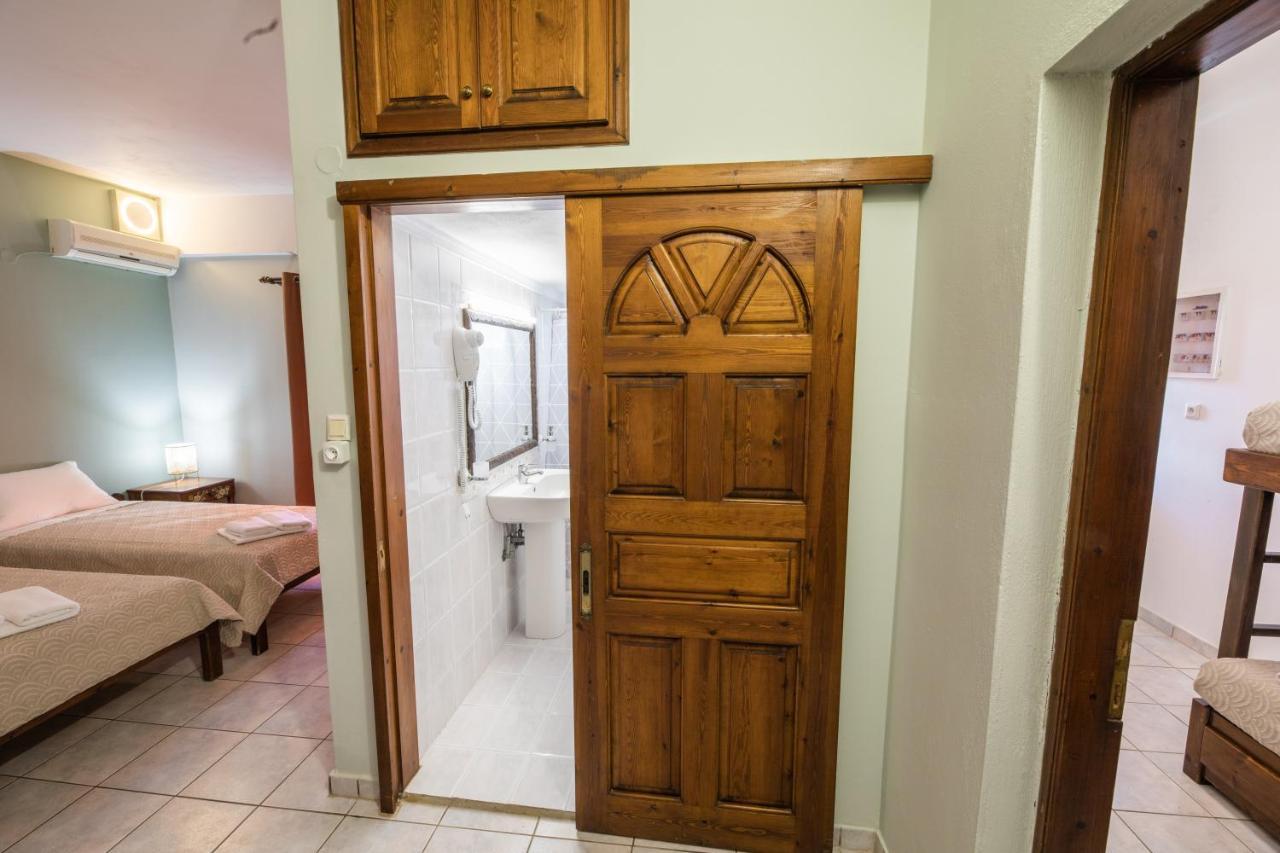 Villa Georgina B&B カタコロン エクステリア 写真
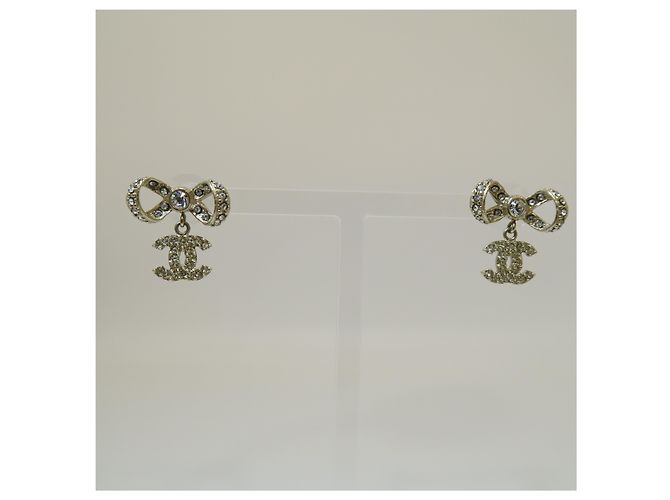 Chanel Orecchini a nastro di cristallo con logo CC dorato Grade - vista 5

...

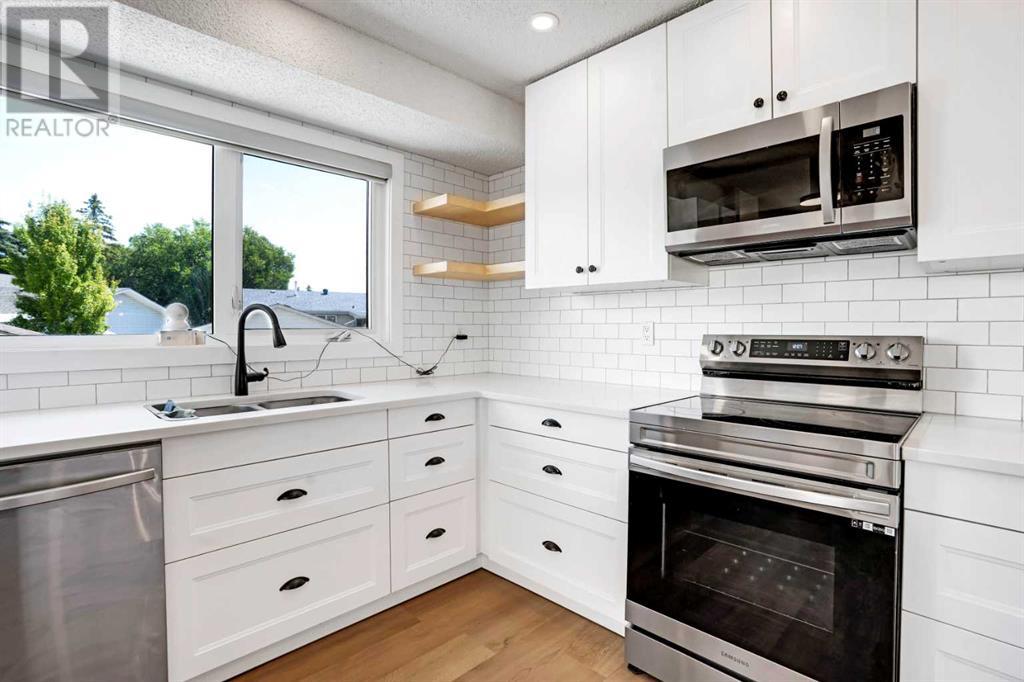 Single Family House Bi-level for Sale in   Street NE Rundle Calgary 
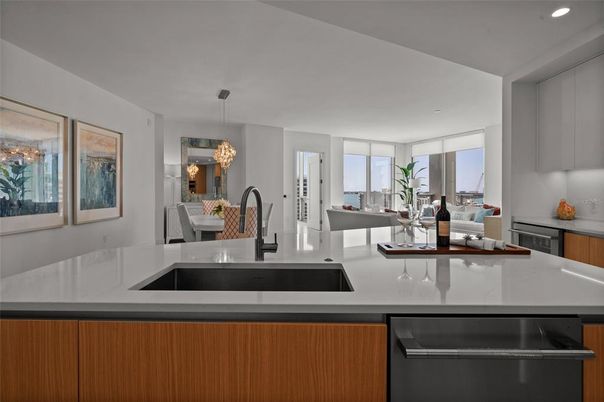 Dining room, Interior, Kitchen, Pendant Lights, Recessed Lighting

» **REQUIRED WORK**: Taking the records above, print only and exactly the lines from the line with "Single Family House" to the line with "Dining room, Interior, Kitchen, Pendant", both kept, and exclude pictures.

» **YOUR SOLUTION**:
 Single Family House Bi-level for Sale in   Street NE Rundle Calgary 
 Dining room, Interior, Kitchen, Pendant Lights, Recessed Lighting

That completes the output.